The increased use of AI “image restoration” is causing some, ah, interesting issues that are only going to increase. This one in particular will result in users having mistaken beliefs in what people in old photographs actually looked like, with biases in AI coming into play. (A lot of people’s ancestors will suddenly get a lot whiter.) Recently there was a whole conspiracy theory built around people using neural network-based “image sharpening” tools that created artifacts that people believed showed real features in the image. Cops are increasingly going to be using these kinds of tools to “reveal” who the suspects are in blurry photos, and then use that completely generated image as “evidence.”
The after pictures look too good. Skin like airbrushed magazine models.
(But the eyes … [shudder])
I find value in this maybe not so much as a old-timey photo restorer, but as a very aggressive denoiser, which might create an interesting look in some cases. Here’s a before and after of a photo I took of a friend with weird makeup:
Here’s another example, before and after, of a photo that didn’t need a lot of restoration, but was very grainy because it was taken with high ASA film.

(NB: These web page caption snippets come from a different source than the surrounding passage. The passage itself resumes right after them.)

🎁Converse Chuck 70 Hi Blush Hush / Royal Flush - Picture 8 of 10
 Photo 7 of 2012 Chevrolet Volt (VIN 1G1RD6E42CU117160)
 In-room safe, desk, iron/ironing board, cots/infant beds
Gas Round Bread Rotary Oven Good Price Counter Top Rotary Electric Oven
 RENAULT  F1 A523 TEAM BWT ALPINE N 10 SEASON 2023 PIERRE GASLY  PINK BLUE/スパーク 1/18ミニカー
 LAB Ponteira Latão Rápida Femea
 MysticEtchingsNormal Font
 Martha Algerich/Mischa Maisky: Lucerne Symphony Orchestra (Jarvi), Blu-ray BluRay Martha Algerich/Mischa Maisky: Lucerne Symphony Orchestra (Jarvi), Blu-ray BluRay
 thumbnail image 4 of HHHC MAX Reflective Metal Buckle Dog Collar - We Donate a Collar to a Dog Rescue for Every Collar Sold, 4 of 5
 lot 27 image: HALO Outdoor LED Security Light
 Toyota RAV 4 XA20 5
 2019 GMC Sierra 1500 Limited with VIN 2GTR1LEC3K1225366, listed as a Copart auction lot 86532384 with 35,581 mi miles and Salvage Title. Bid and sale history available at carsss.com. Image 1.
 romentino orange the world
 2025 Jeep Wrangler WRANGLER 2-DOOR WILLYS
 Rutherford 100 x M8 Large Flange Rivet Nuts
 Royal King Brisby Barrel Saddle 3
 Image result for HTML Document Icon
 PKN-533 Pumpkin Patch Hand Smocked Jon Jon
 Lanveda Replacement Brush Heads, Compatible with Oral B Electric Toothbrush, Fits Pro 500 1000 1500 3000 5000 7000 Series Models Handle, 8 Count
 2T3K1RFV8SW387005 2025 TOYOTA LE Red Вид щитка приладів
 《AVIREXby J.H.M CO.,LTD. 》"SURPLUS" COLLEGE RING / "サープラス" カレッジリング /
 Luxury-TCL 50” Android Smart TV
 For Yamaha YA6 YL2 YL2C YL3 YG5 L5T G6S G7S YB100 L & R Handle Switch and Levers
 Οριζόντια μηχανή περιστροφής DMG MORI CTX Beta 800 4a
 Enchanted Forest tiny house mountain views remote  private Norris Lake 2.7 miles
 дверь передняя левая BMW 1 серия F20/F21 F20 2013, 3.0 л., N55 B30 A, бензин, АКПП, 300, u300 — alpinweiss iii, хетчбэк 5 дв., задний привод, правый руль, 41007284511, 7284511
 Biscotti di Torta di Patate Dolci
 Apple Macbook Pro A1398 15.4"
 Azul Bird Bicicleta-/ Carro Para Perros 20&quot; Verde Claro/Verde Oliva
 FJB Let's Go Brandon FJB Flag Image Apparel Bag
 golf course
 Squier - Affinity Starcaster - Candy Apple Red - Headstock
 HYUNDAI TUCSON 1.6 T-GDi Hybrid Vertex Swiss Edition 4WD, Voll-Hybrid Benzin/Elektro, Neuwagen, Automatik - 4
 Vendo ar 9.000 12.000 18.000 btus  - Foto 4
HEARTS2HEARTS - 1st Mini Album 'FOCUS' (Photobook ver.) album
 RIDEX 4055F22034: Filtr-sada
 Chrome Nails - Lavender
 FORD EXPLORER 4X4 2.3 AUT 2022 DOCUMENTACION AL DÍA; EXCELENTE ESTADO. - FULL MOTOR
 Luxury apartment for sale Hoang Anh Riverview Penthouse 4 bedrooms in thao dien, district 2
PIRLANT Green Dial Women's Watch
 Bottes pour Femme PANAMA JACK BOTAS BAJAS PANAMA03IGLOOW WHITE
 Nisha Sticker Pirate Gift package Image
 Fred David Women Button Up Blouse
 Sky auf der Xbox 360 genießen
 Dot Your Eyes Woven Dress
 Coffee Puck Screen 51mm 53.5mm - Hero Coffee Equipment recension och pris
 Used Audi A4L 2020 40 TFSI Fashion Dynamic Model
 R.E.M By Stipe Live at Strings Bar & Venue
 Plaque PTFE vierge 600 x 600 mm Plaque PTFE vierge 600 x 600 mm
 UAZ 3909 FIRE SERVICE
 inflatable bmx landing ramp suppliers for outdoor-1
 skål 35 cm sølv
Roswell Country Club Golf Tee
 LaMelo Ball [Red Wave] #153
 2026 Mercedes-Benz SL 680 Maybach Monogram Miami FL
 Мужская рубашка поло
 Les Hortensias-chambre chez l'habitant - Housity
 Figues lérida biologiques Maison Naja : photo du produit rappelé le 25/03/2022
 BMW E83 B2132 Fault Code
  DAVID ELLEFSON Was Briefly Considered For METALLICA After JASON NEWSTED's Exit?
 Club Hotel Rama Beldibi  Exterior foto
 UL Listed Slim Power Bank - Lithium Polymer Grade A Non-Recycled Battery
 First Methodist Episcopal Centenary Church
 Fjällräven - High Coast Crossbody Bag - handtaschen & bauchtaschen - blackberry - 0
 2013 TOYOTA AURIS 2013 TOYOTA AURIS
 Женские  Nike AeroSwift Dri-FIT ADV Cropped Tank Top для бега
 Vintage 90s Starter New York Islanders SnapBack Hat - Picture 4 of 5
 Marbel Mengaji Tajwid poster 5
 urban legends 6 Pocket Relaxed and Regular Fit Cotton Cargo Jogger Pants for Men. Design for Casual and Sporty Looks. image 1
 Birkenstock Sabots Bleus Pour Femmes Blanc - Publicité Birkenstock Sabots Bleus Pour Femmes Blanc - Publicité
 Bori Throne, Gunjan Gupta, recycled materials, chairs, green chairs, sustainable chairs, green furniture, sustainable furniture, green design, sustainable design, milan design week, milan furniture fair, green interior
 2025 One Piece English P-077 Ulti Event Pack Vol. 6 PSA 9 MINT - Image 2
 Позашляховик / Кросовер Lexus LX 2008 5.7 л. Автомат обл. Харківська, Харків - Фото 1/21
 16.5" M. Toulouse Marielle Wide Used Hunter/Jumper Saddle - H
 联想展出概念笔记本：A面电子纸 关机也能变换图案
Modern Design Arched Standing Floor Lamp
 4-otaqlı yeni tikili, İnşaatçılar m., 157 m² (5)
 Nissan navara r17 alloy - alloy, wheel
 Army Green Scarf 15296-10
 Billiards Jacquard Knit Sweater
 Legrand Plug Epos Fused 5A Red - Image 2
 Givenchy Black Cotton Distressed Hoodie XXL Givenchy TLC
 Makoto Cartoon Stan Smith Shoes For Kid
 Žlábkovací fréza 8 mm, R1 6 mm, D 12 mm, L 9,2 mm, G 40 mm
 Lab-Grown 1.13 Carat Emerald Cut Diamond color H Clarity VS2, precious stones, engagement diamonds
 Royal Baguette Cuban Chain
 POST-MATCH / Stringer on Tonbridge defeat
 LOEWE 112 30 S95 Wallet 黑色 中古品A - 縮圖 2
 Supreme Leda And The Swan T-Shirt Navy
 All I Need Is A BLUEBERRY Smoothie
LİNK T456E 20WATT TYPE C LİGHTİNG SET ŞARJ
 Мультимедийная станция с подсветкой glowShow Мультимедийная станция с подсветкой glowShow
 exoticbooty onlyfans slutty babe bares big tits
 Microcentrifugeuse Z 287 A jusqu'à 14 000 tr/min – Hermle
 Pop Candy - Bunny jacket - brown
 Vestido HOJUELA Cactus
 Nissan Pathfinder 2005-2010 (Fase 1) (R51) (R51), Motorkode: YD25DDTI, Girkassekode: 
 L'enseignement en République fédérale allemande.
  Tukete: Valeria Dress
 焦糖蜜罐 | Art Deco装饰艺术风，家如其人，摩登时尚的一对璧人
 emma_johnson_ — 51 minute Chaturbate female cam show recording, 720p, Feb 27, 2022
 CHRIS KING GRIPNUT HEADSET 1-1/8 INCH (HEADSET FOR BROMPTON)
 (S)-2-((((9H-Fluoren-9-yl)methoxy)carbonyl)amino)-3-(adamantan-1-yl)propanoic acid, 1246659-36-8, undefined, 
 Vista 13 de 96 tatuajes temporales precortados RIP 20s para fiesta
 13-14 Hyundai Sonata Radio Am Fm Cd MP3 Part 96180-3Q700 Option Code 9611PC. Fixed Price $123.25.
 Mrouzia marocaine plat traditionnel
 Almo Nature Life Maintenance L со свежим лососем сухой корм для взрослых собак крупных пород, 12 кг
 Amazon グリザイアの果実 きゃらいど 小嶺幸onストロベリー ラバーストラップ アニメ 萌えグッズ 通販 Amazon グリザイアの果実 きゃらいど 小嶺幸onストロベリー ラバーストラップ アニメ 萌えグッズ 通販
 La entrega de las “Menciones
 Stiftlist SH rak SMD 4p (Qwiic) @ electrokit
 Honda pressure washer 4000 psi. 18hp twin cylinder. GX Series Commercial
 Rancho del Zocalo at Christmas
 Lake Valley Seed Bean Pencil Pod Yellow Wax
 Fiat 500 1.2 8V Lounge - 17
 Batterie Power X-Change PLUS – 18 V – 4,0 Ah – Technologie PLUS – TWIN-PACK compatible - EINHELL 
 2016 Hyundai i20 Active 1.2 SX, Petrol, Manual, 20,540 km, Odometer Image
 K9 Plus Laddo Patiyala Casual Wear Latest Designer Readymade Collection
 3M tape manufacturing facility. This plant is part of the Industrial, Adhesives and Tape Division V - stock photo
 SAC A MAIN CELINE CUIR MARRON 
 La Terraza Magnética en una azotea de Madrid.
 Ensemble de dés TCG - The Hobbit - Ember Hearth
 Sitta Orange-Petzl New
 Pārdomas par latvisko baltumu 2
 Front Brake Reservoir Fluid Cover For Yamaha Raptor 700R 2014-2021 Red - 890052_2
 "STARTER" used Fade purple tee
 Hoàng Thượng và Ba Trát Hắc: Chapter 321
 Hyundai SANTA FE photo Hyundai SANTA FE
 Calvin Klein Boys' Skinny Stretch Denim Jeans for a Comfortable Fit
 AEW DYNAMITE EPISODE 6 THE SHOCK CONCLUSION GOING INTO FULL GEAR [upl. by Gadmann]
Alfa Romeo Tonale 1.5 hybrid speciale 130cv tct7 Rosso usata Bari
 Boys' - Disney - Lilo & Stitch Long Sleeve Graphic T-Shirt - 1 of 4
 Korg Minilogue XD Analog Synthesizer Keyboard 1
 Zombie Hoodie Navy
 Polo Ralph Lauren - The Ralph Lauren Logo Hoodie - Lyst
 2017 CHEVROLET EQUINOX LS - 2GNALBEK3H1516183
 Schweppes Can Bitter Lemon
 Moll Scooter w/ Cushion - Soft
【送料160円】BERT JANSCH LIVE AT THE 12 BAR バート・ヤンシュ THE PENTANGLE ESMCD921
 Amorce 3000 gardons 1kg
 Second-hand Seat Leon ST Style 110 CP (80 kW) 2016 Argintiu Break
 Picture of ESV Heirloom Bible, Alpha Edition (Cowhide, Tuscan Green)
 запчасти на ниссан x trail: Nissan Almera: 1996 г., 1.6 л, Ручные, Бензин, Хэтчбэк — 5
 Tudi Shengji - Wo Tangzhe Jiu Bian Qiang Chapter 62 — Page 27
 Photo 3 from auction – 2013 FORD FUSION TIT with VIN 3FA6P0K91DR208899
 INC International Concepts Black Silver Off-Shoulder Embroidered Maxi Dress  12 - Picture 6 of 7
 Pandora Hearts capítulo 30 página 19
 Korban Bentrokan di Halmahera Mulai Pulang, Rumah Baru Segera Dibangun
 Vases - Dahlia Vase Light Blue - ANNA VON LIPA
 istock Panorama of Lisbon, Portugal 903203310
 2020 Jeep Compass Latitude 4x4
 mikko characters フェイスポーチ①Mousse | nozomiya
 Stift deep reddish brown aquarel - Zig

Kind of cool results. I can image doing this on individual frames of video for an interesting effect:
They made everyone look prettier, younger, and less grim than I interpret from teh originals.
You don’t need AI to introduce bias. Decades ago, before AI, people created enhanced close-up images of the Dealey Plaza grassy knoll, supposedly showing a 2nd gunman.
Or just people with weak eye muscles.
Great. Now the scratches look sharper and more distinct. I though this program was designed to remove scratches?
(couldn’t be simpler, really. Take a picture. Print it on to photo paper. Scan It. Now physically damage the photo. Artificially age it. Train the model to reconstruct the scratch less photo.)
I personally use this with great success of videos and photos.
Imagine a bad piece of taxidermy, where the most impressive aspect is that the artist procured the finest quality glass eyes, and put them in roughly the correct position…,
This is impressive. The enhanced images really do look like they match the originals.
The main problem are the eyes, which look unnatural.
Some of the issue with eyes may be from the use of blue-sensitive orthochromatic photo film which was typical 100 years ago. Colors that are close to blue will be bleached out. This is why the irises of actors from the 1920’s look so strange. The AI engine may be struggling with that if it has been trained on pictures taken with panchromatic film.